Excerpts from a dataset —
__________
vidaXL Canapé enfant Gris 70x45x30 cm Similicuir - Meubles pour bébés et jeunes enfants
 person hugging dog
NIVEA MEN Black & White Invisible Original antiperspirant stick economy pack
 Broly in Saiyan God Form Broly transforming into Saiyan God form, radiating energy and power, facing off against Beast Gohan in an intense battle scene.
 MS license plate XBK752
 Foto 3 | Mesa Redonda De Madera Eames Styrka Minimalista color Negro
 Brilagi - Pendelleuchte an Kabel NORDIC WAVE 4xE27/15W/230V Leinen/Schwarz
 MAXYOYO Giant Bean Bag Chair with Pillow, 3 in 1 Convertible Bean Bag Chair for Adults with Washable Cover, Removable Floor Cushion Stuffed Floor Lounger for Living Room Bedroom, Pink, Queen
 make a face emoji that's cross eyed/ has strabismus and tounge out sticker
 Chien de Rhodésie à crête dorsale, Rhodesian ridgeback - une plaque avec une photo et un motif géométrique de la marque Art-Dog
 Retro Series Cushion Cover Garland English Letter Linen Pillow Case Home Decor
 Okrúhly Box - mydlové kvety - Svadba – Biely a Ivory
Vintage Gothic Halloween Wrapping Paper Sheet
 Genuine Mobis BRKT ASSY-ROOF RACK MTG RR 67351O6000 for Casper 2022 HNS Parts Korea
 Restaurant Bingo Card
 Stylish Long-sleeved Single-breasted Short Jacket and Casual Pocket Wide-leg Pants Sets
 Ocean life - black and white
__________
DIRECTIONS —
The answer should consist of the lines from the one with "Genuine Mobis BRKT" through the last line of the entries, duplicated exactly and nothing more.

THE ANSWER —
 Genuine Mobis BRKT ASSY-ROOF RACK MTG RR 67351O6000 for Casper 2022 HNS Parts Korea
 Restaurant Bingo Card
 Stylish Long-sleeved Single-breasted Short Jacket and Casual Pocket Wide-leg Pants Sets
 Ocean life - black and white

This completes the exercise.